**PROBLEM STATEMENT**. The lines to extract run from the first line of the material below to the line containing "STOBOK Assorted Color", both included; leave the pictures behind.

**INPUT**.
★ ★ ★

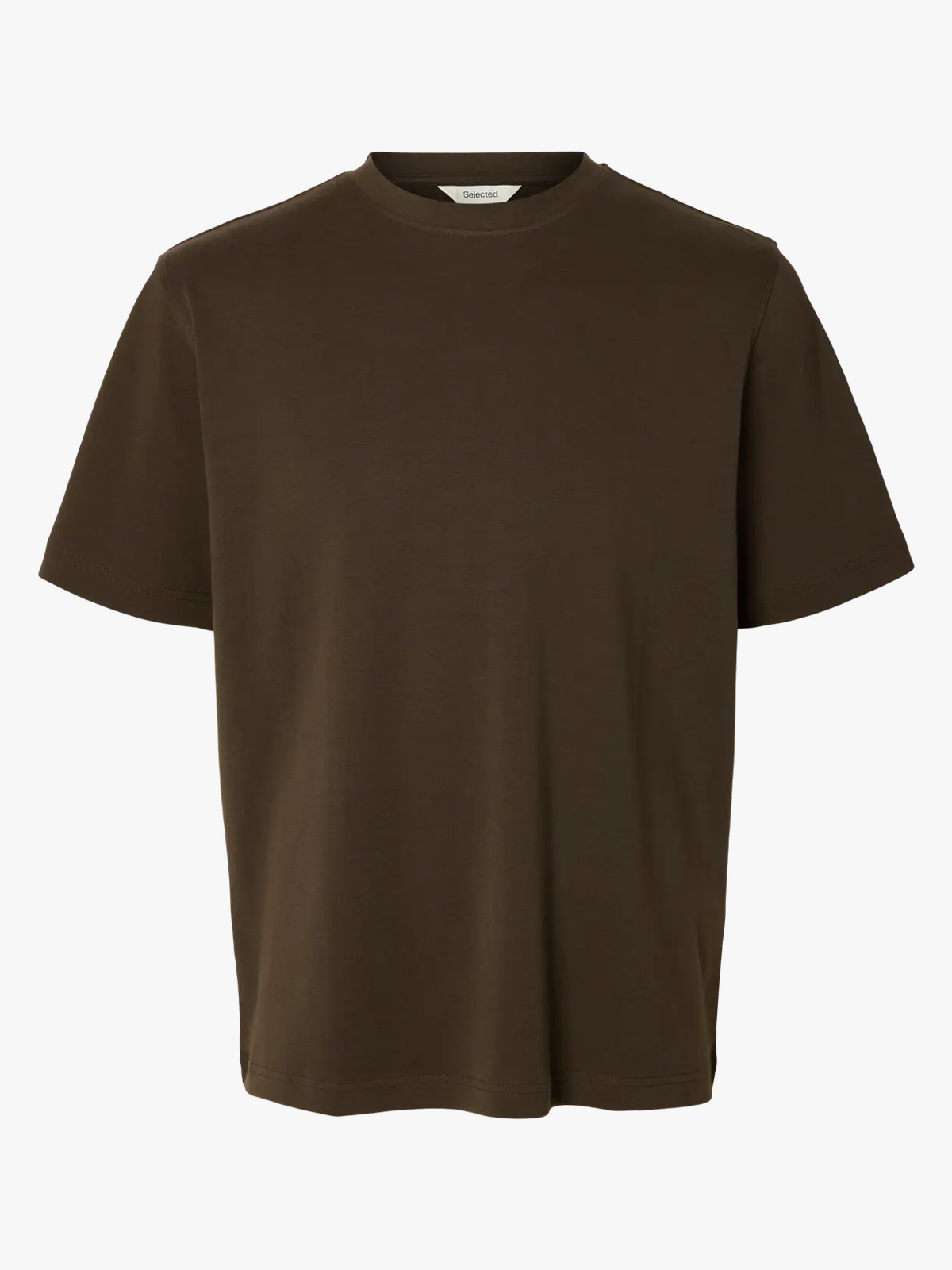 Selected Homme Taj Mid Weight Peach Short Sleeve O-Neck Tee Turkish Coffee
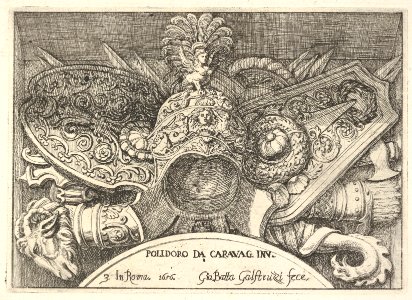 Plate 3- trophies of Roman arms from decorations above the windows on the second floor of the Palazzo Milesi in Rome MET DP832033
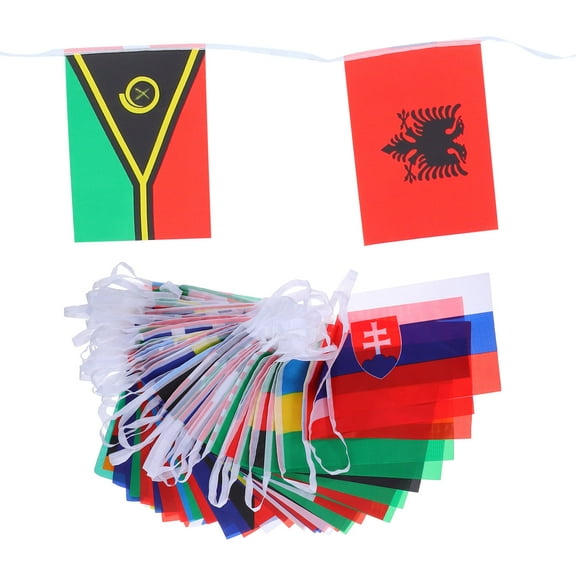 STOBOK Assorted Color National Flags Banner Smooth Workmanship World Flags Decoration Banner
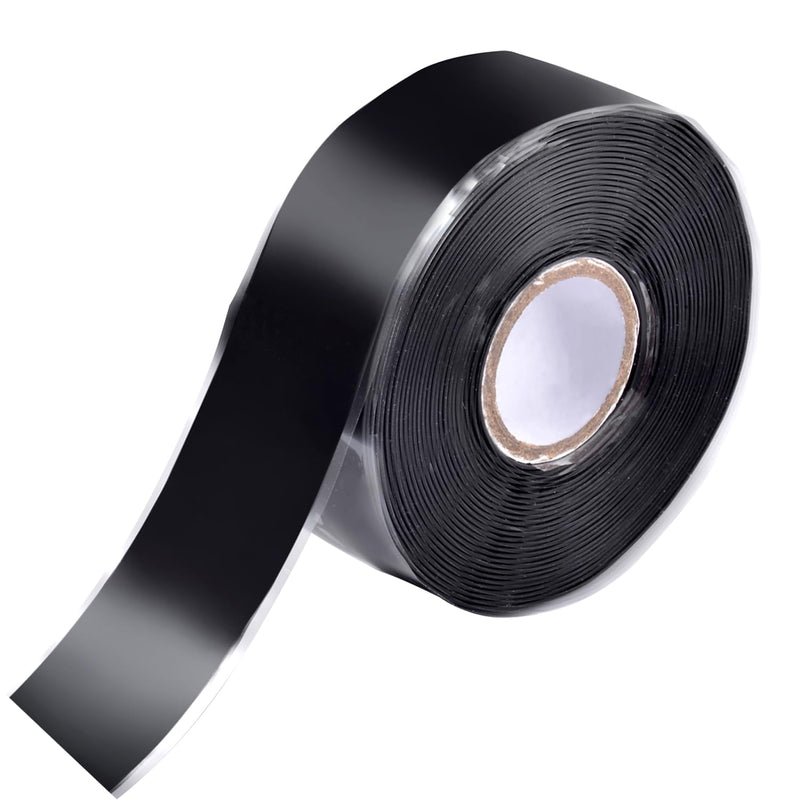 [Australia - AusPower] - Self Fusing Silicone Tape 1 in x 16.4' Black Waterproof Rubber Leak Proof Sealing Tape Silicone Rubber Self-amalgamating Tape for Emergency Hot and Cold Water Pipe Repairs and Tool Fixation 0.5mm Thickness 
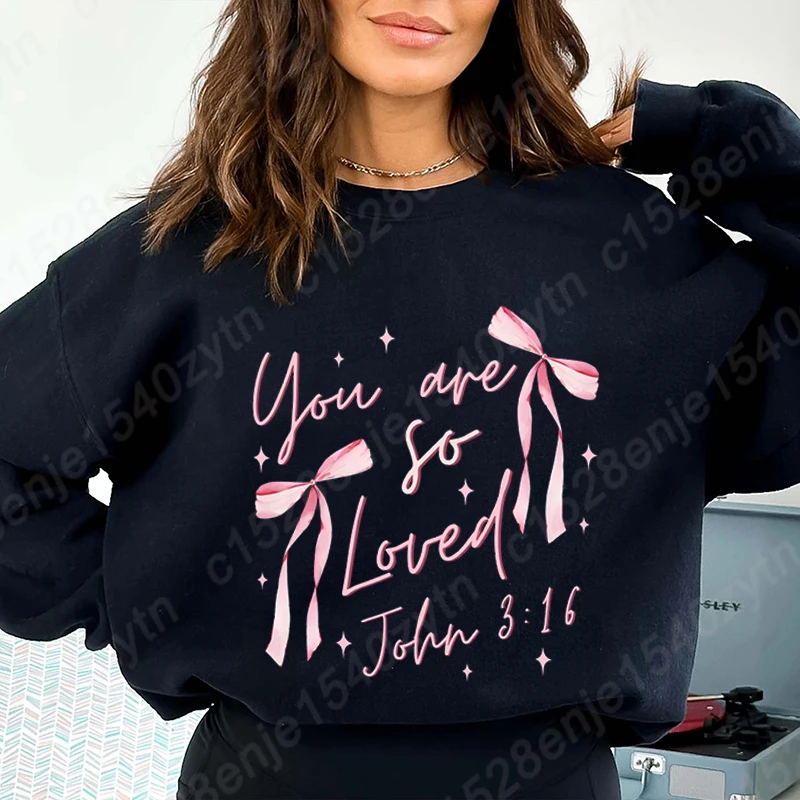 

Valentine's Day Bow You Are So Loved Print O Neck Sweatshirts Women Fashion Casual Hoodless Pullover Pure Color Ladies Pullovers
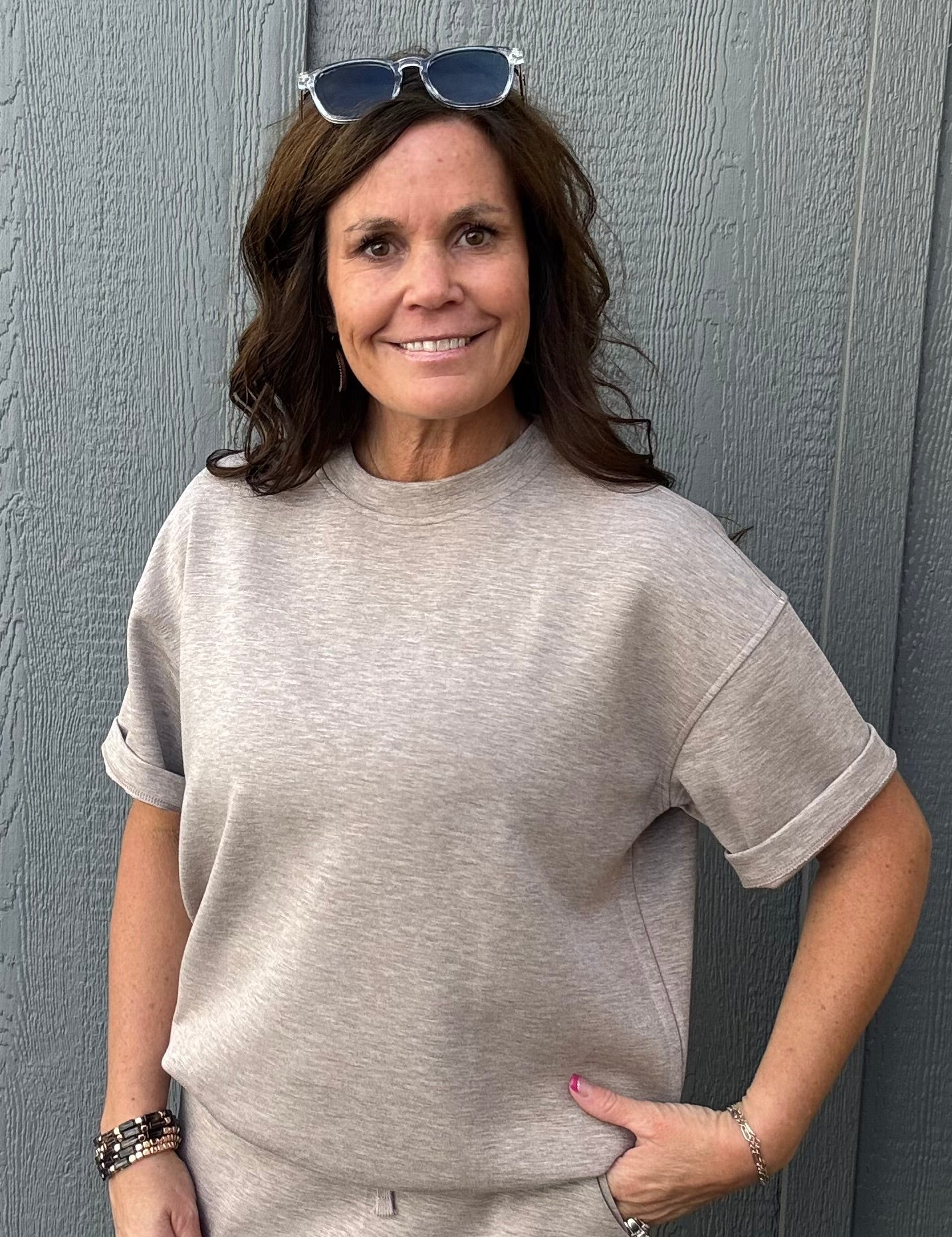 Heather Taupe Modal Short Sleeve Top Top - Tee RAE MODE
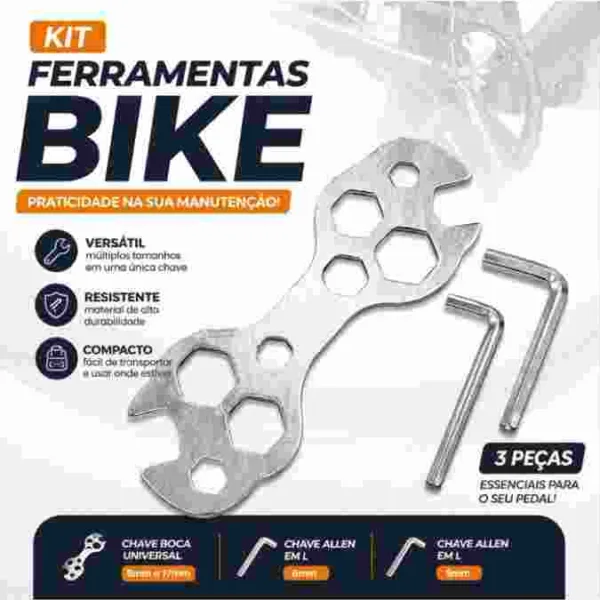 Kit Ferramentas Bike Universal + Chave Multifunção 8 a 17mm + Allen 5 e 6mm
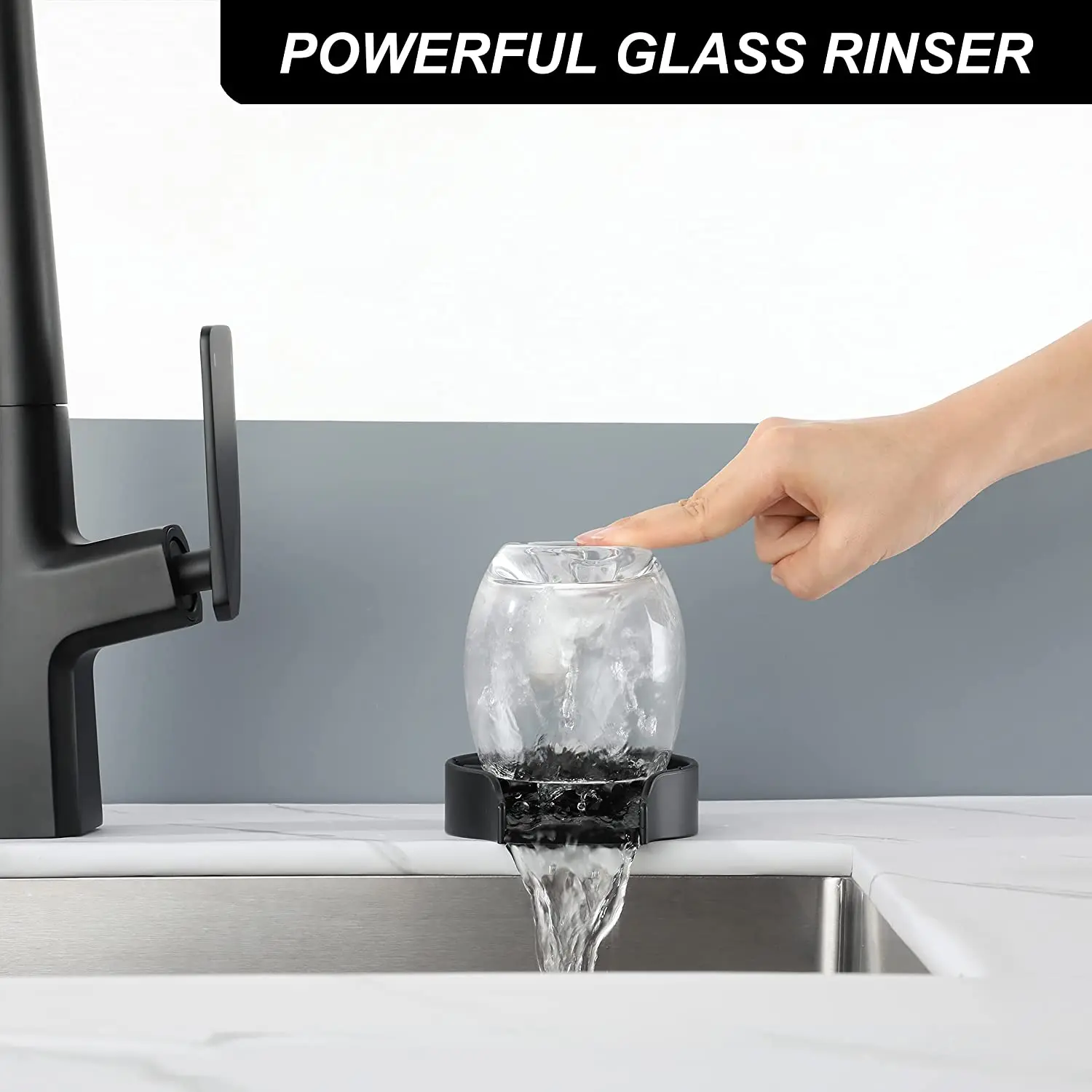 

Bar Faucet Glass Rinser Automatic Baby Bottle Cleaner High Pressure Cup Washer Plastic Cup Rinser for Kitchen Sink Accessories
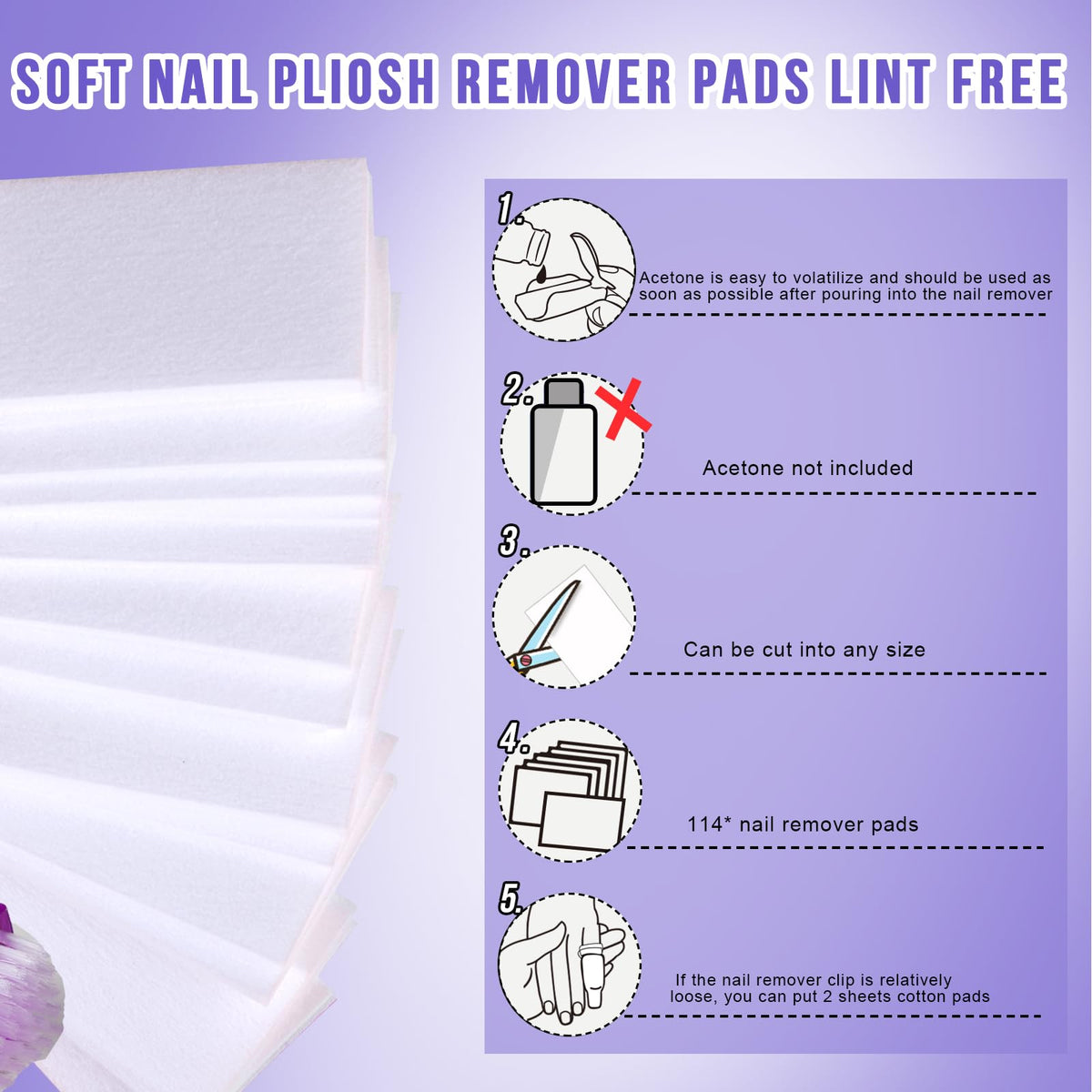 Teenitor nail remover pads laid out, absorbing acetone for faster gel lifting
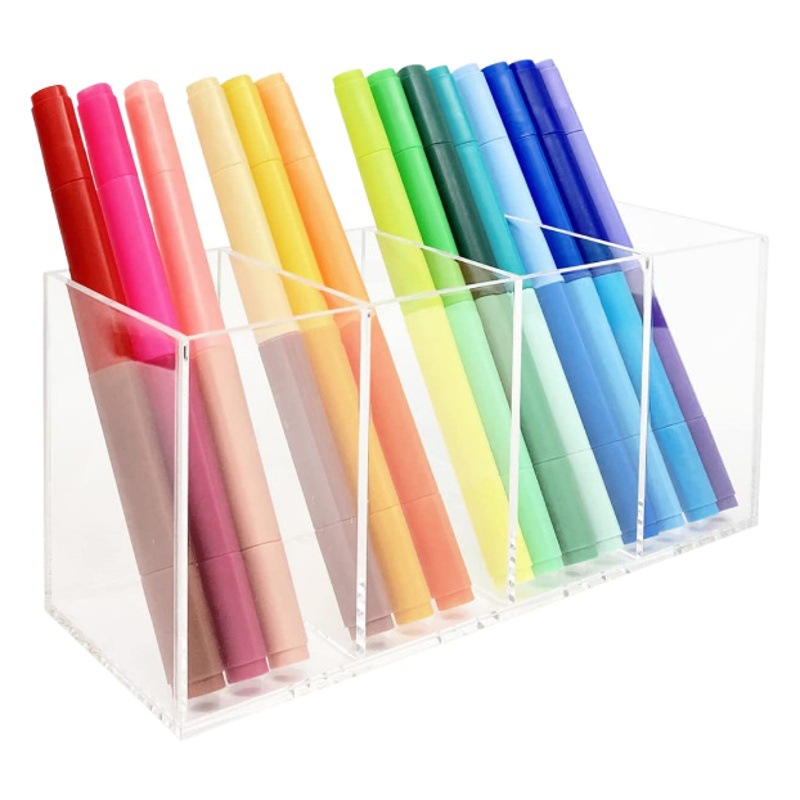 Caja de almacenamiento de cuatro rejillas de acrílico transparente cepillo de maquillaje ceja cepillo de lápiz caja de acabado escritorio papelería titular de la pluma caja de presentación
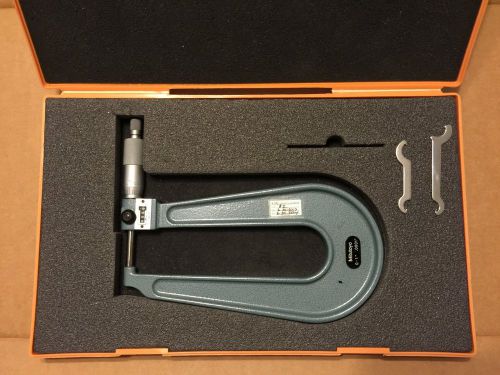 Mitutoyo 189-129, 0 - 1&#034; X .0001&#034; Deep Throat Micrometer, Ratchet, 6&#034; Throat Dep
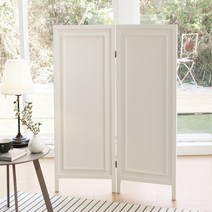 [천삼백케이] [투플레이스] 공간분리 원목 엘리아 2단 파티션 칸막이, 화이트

★ ★ ★

**WRITTEN SOLUTION**.
 Selected Homme Taj Mid Weight Peach Short Sleeve O-Neck Tee Turkish Coffee
 Plate 3- trophies of Roman arms from decorations above the windows on the second floor of the Palazzo Milesi in Rome MET DP832033
 STOBOK Assorted Color National Flags Banner Smooth Workmanship World Flags Decoration Banner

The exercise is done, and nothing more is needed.